Beginning with the line that holds "Honda Fit G Sporty Edition 2010 full" and finishing with the line that holds "Принтер Hp deskjet 1000", repeat the listing exactly, leaving every picture out.

- **Data supplied**
----------------------------------------

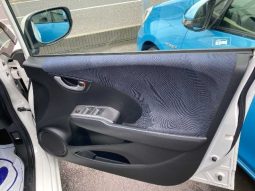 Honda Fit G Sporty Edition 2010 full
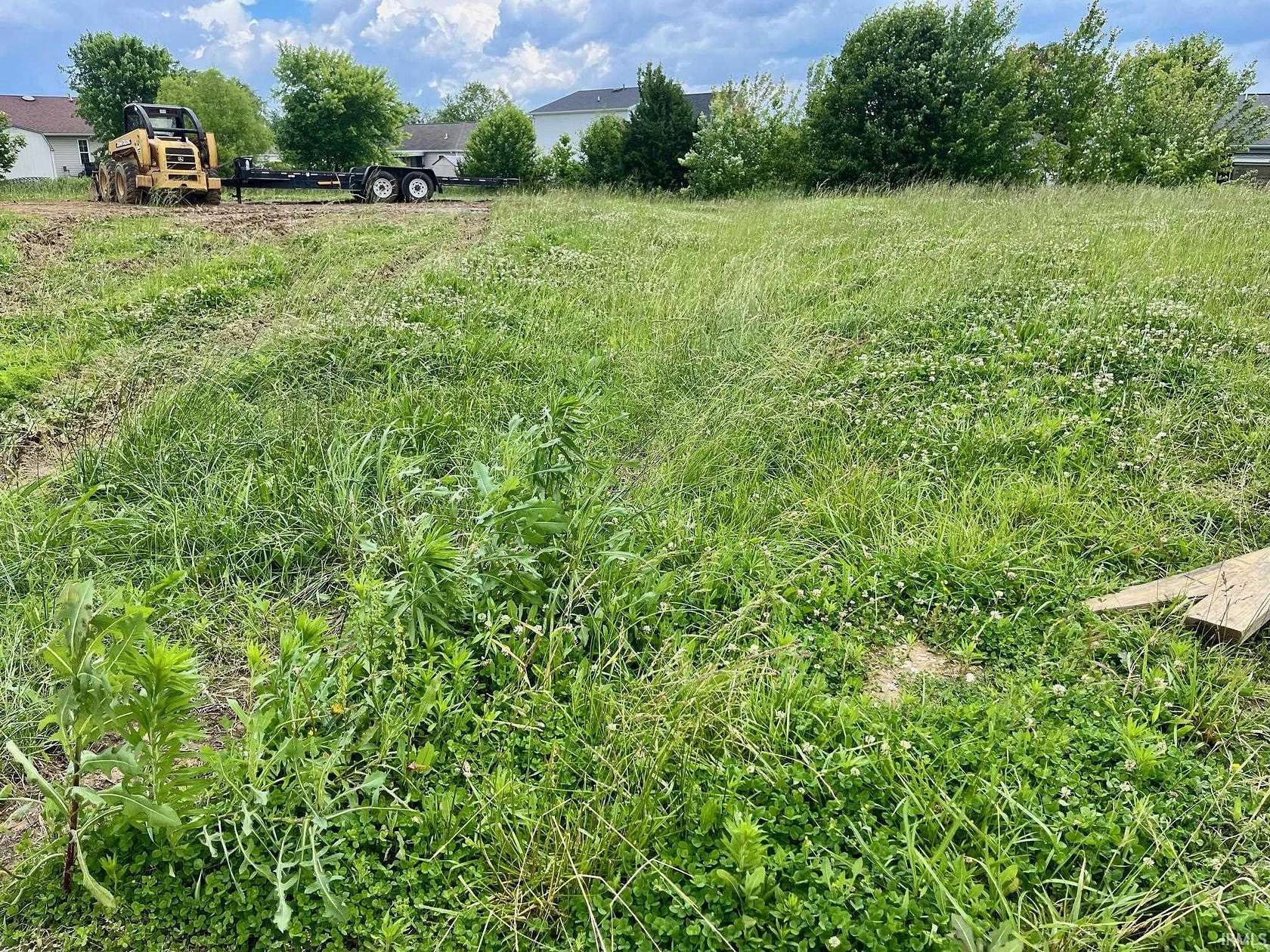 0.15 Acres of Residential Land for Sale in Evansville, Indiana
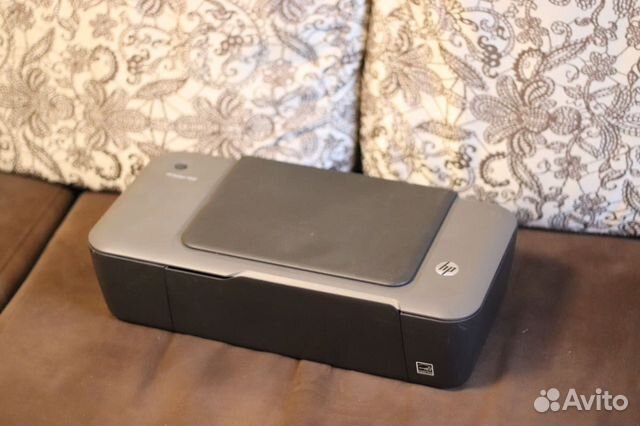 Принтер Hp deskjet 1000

----------------------------------------

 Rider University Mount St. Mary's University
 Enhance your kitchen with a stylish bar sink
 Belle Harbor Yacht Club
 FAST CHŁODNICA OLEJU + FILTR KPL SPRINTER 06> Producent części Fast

----------------------------------------

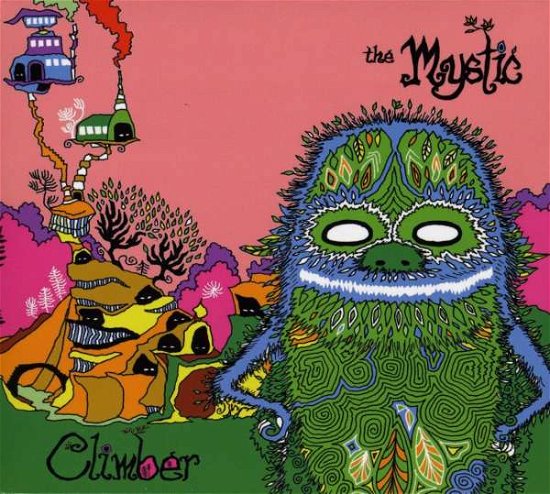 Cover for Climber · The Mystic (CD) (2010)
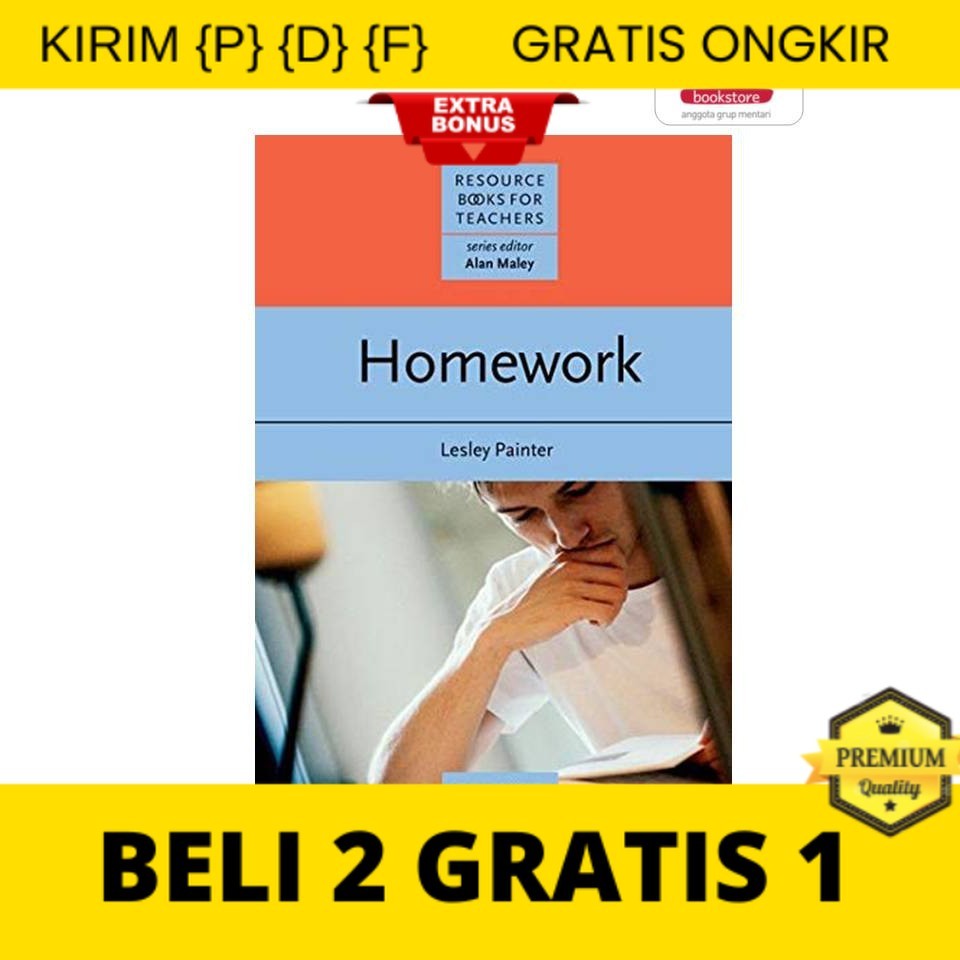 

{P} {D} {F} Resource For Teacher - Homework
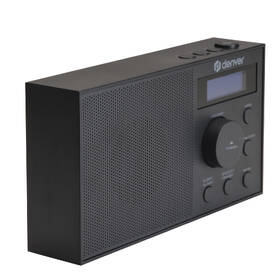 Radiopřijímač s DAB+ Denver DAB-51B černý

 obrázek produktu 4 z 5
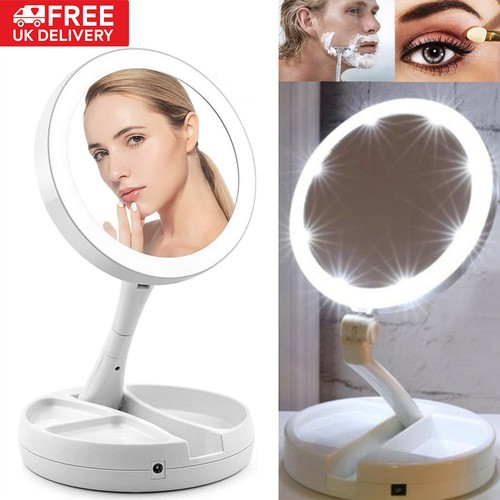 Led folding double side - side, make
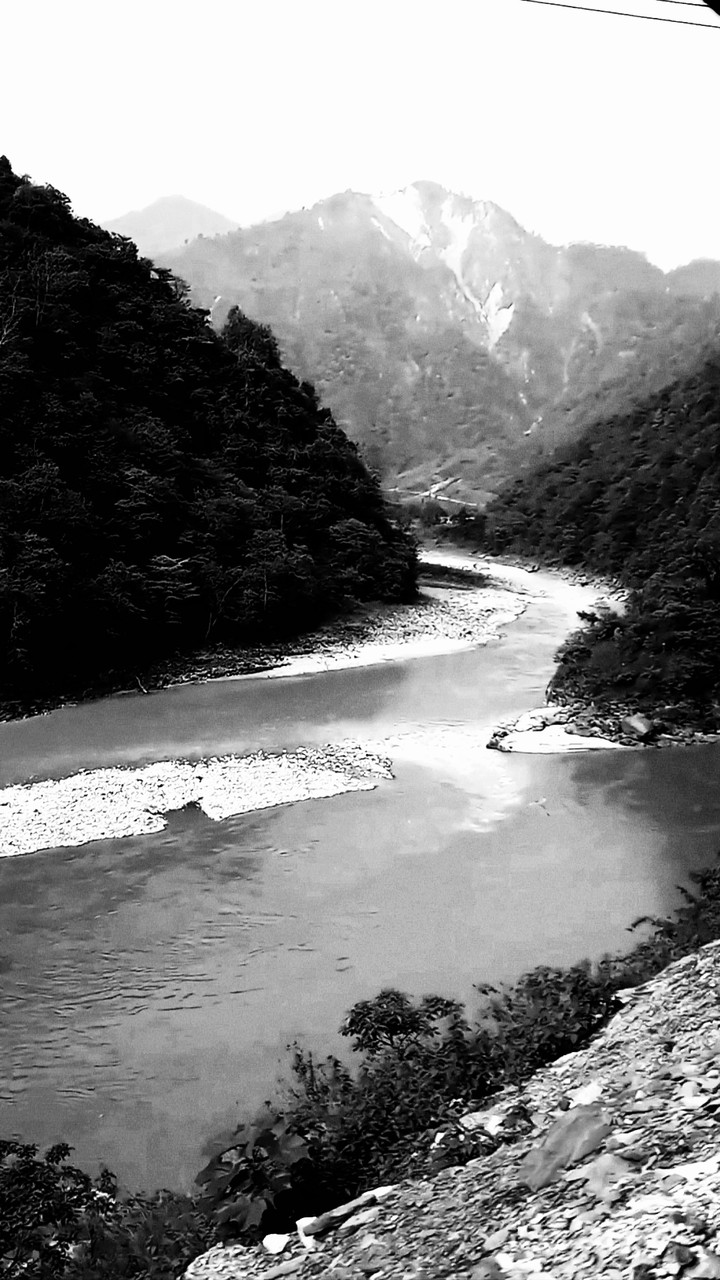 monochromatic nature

----------------------------------------

- **Solution for this task**
 Honda Fit G Sporty Edition 2010 full
 0.15 Acres of Residential Land for Sale in Evansville, Indiana
 Принтер Hp deskjet 1000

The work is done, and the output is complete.